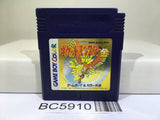 Pokemon Gold Nintendo GameBoy Japan - BC5910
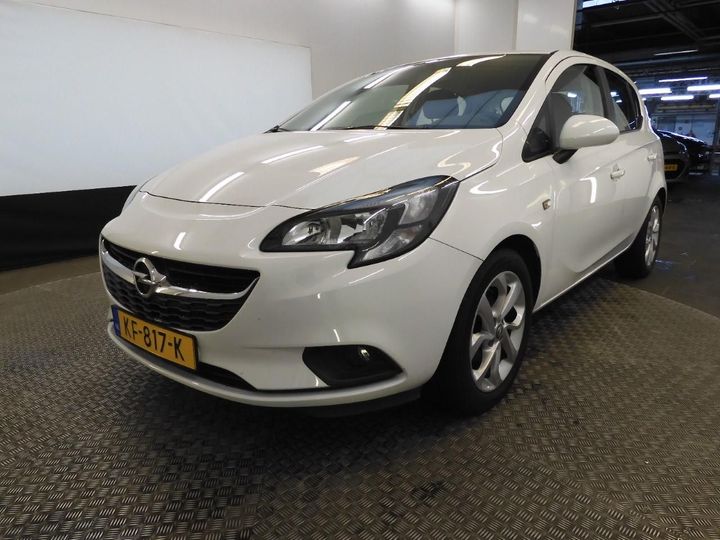 OPEL CORSA 2016 w0l0xep68g4346193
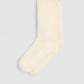 Barefoot Dreams CozyChic® Waffle Socks-Pearl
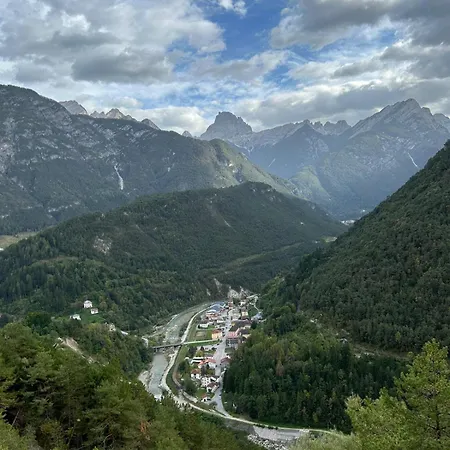 Casa Experience - Di Cadore بيت للعطل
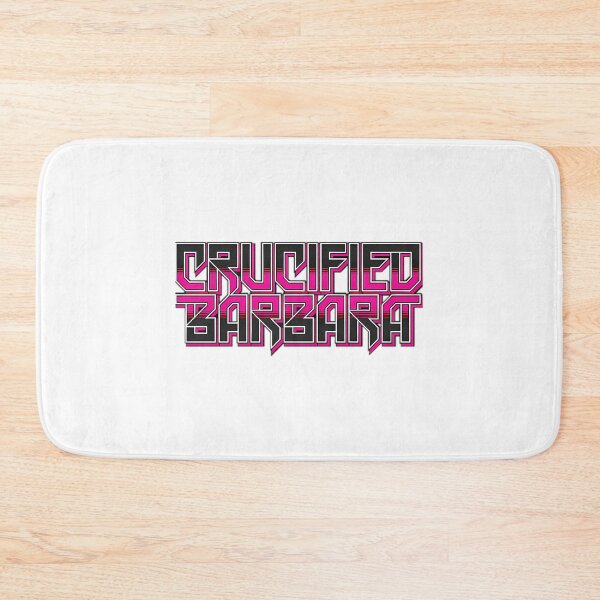 Item preview, Crucified Barbara Band Rock Swedish designed and sold by MonejVisual.
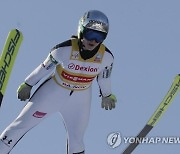 ROMANIA SKI JUMPING WORLD CUP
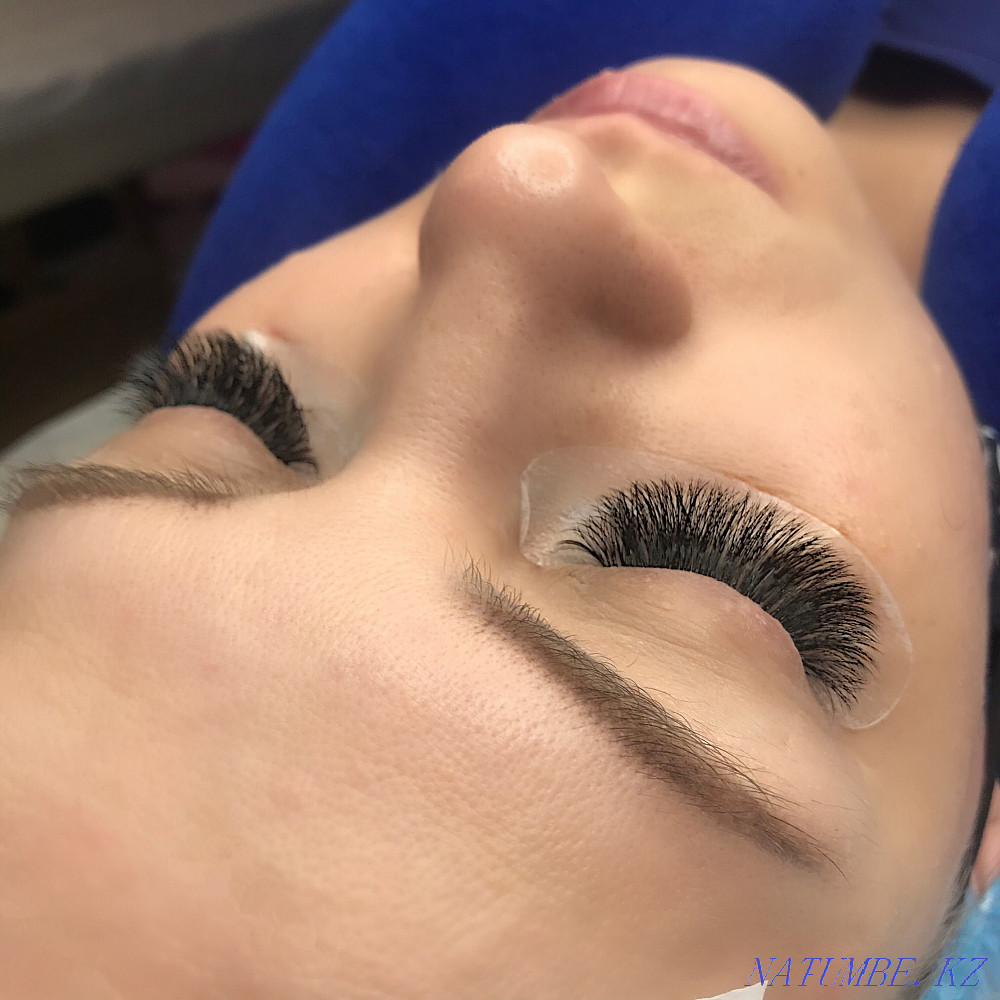 Наращивание ресниц Алматы - изображение 6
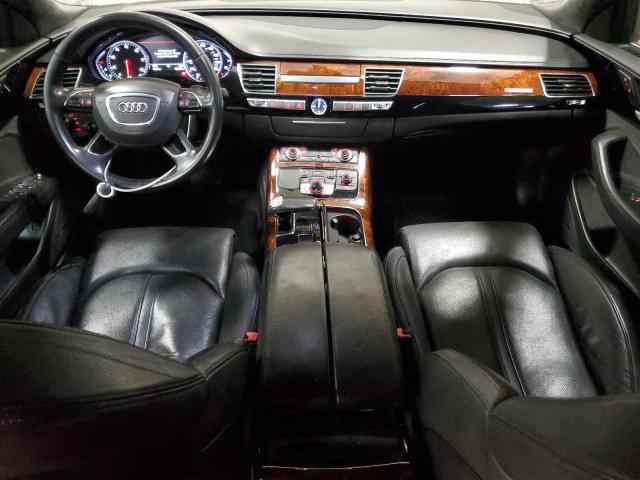 Photo 8 from auction – 2013 AUDI A8 L QUATT with VIN WAUR2AFD0DN012348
· · · ·
WORK INSTRUCTIONS - None of the pictures should be kept; reproduce all the remaining material exactly.

EXERCISE OUTPUT -
 Pokemon Gold Nintendo GameBoy Japan - BC5910
 OPEL CORSA 2016 w0l0xep68g4346193
 Barefoot Dreams CozyChic® Waffle Socks-Pearl
 Casa Experience - Di Cadore بيت للعطل
 Item preview, Crucified Barbara Band Rock Swedish designed and sold by MonejVisual.
 ROMANIA SKI JUMPING WORLD CUP
 Наращивание ресниц Алматы - изображение 6
 Photo 8 from auction – 2013 AUDI A8 L QUATT with VIN WAUR2AFD0DN012348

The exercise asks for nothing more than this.